Fast-forward three weeks and Rutgers is on a five-game skid, desperate for a win. Something no one in the program saw coming.

“Of course I’m surprised,” guard Myles Mack said. “I didn’t think this was going to happen, but unfortunately it did and we’re just trying to get up out of the hole and move to the next game.”

Which is a Saturday matinee against No. 20 Georgetown (16-4, 6-3 Big East). Not an easy task for any team, let alone one whose season is unraveling.

“It’s very hard,” forward Wally Judge said of getting out a rut. “No matter what conference you’re in you never want losses to snowball.”

They have for Rutgers (12-9, 3-7 Big East). And the Scarlet Knights have gone from battling for a bye in the Big East Tournament to the bottom of the league.
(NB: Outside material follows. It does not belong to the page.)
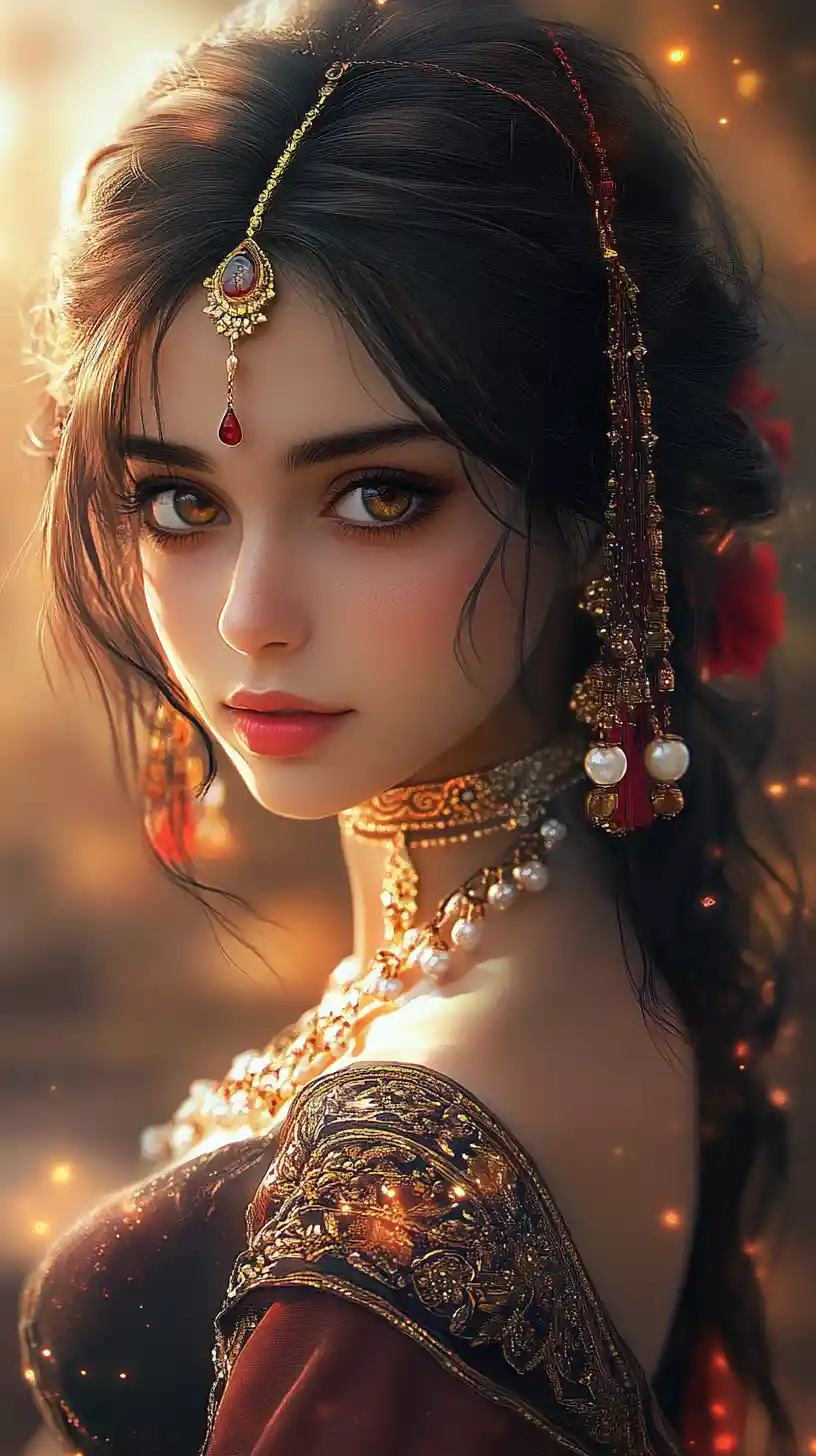 Elegant anime woman in ornate red and gold attire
So how do they get back on track?

“The biggest thing is we have to find a way to come together,” Judge said. “We have to find a way to strengthen ourselves mentally and be more close-knit where we know everything about each other to where we have each others back.

“Right now, the thought is there as wanting to be there to have each others back, but being keyed in to do it, that’s where our lapses are.”
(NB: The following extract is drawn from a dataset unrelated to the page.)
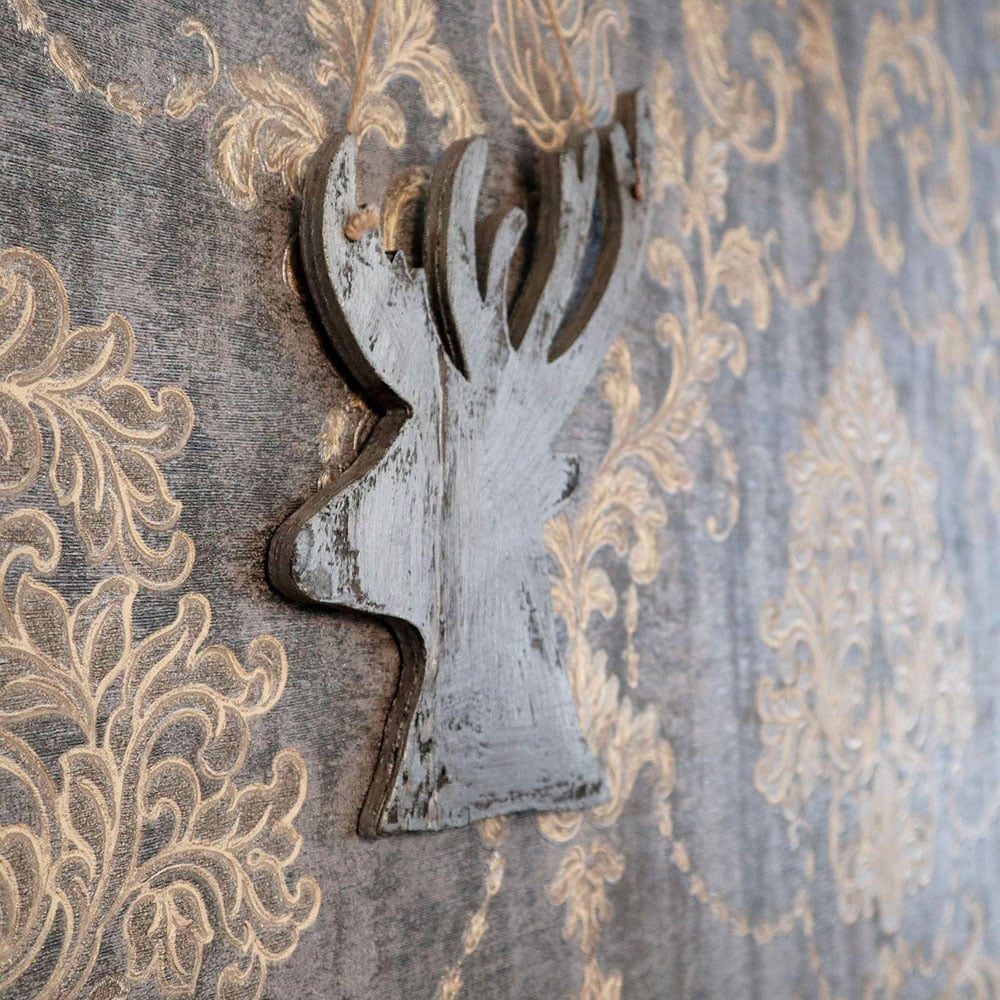 Shatchi Silver Deer Wooden Hanging Christmas Decoration 26cm Image 4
Which is why Mike Rice’s message to his team after the loss to Louisville was a simple one.

The only people that can get them back on track are those in the room.

“No one’s getting us out of this funk except for the 14 players and this staff,” Rice said. “You have to dig deep and have a mental toughness in the next 48 hours in preparing for Georgetown.”

Fighting history in the process.

This is a program that has not made the NCAA Tournament in over two decades and has never seen much success in the Big East. Sprinkle in the fact that the veteran players have gotten off track before, struggling to find a way back.

“It’s a unique challenge,” Rice said. “And I told them it’s a unique challenge that you have, because you can feel helpless and hopeless, that it’s whoa is me and it’s never going to get better or you could get better every single day.

“And that’s easier said than done to be honest with you and we’re going to challenge them. We’re going to pick them up and we’re going to prepare for Georgetown.”

And get on the other side of the win/loss column, ending a three-week streak.

“Just try to get a win,” Mack said of breaking the cycle.  “That’s the only thing we could do. Just try to get a win.”